I Was In the War

iwitw1I Was In the War, by Bisse, is a nearly perfect example of everything that I think of as characterizing PC games in the 21st century: an indie effort with minimalist graphics, completable in a single play session, written in three hours by an insane Swede as part of a competition and posted on the web for free download. It’s also one of the funniest action games I’ve ever played, and I think it’s worth looking at why.

It’s got a off-kitler and deliberately stupid style reminiscent of You Are A Chef!, but the key thing is that there is no separation between joke and gameplay. The basic mechanics are themselves absurd. Aside from jumping over enemies, which isn’t always possible, the only way you can evade damage is by switching to the other side of the ground, where upside-down enemies await you. Also, your health is represented by your sprite’s size — getting hit makes you smaller, while going for a long time without getting hit makes you swell up until you’re towering over your foes, which, unfortunately, just makes it easier for them to hit you. That’s a fairly interesting mechanic for automatically balancing difficulty, but it’s also completely ridiculous. (According to Rowan Atkinson, things being the wrong size is one of the three basic types of sight gag.)

Moreover, the introduction of new enemies plays out like a series of jokes. When a new type of enemy is due to appear, a warning scrolls along the line representing the ground. The player is given enough time to digest the announcement and wonder what form “tanks” or “guerillas” might take and how they’ll affect you, and in most cases the answer is absurd and unexpected.

Action games often have a problem being funny. Adventure games have an easier time of it, because they can present jokes as puzzles, thus forcing the player’s attention onto them. But, with a few exceptions (like Katamari Damacy), action games seldom try to integrate humor with the action itself the way IWITW does. I’m thinking in particular of the likes of Earthworm Jim: as much as I enjoyed it when I played it, it seemed like most of the ideas for levels were based on how wacky they’d seem when you read about them in the manual, rather than how they’d seem when you actually played them. There’s also the approach of trying to make a game into a comedy by slapping jokes into cutscenes and dialogue, which at least means you get jokes while you’re playing, but they’re basically orthogonal to the game itself. I think of MDK2 as a good example of this, which is strange, because the original MDK is a good example of the integrated-humor approach I’m applauding here, with its powerups that sprout legs and run away when you approach them and the like. The difference: the original MDK wasn’t a talkie. It basically had no choice but to put its humor into the game itself. MDK2 hired an improv group to do voice-acting for its cutscenes, but it’s ultimately weaker for it.

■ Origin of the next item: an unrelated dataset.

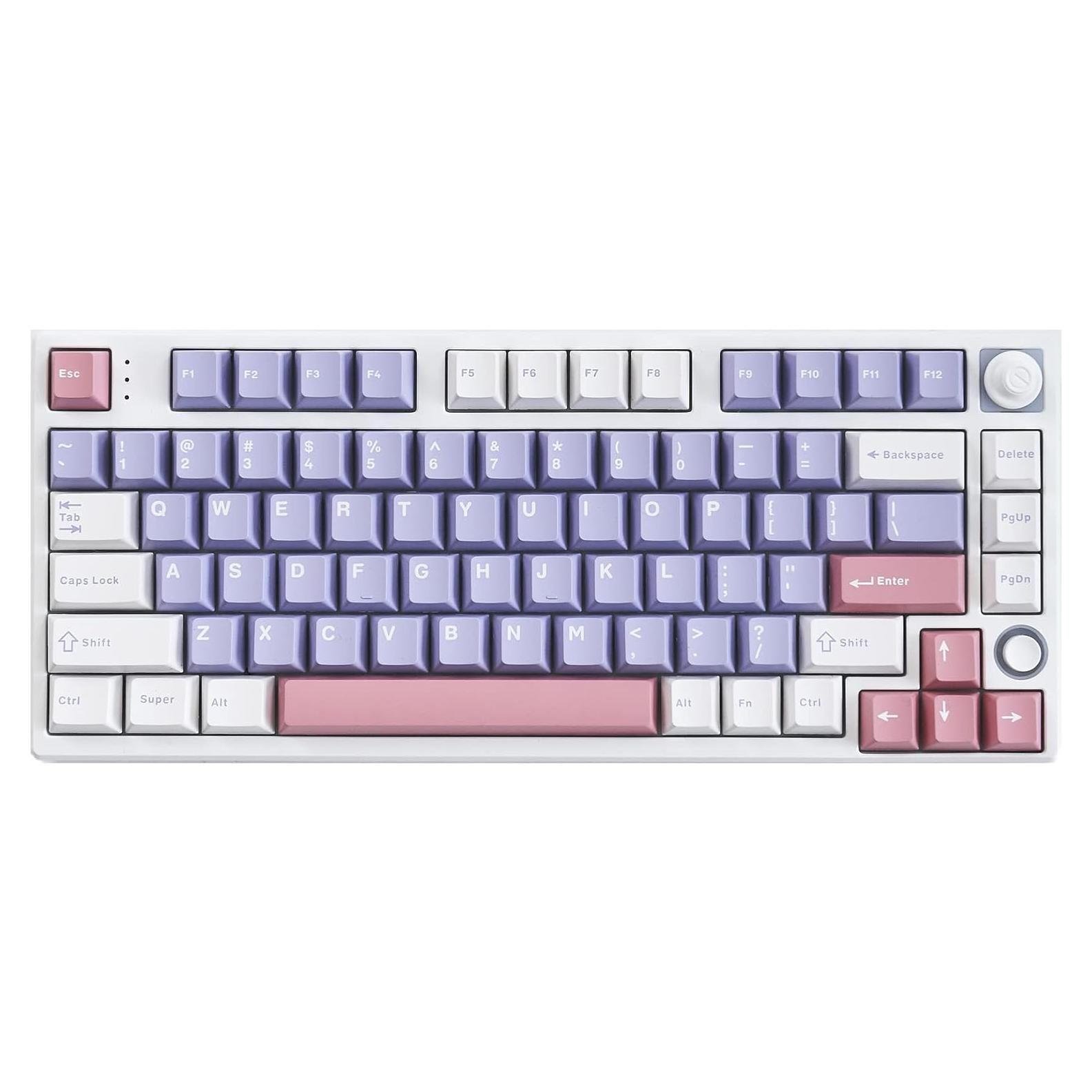 Teclado Mecánico Keymecher KS75T 75% RGB Inalámbrico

In the end, the whole game of IWITW has a punch line, and it’s a pretty stupid one. But the real humor is in the telling. Which is true of any joke.

2 Comments so far

  1. Merus on January 9th, 2009

    “(According to Rowan Atkinson, things being the wrong size is one of the three basic types of sight gag.)”

    You saw that too? I saw a Rowan Atkinson video once where it explains the principles of comedy, and he ends up in a cupboard eating a banana. It’s stuck with me ever since. It’s been valuable when someone claims that suffering is the root of all comedy, something that seems sensible on the face of it but utterly wrong when you think about it for a bit.

  2. matt w on September 8th, 2024

    Every so often I wander through the back archives of the Stack and arrive here, and since this game never got a Mac release* I can’t play it, so I watch DeceasedCrab’s Let’s Play, and the music seems surprisingly somber especially given his characterization of it, and then I look at the comments to the video and remember again that he switched the music with Don’t Look Back.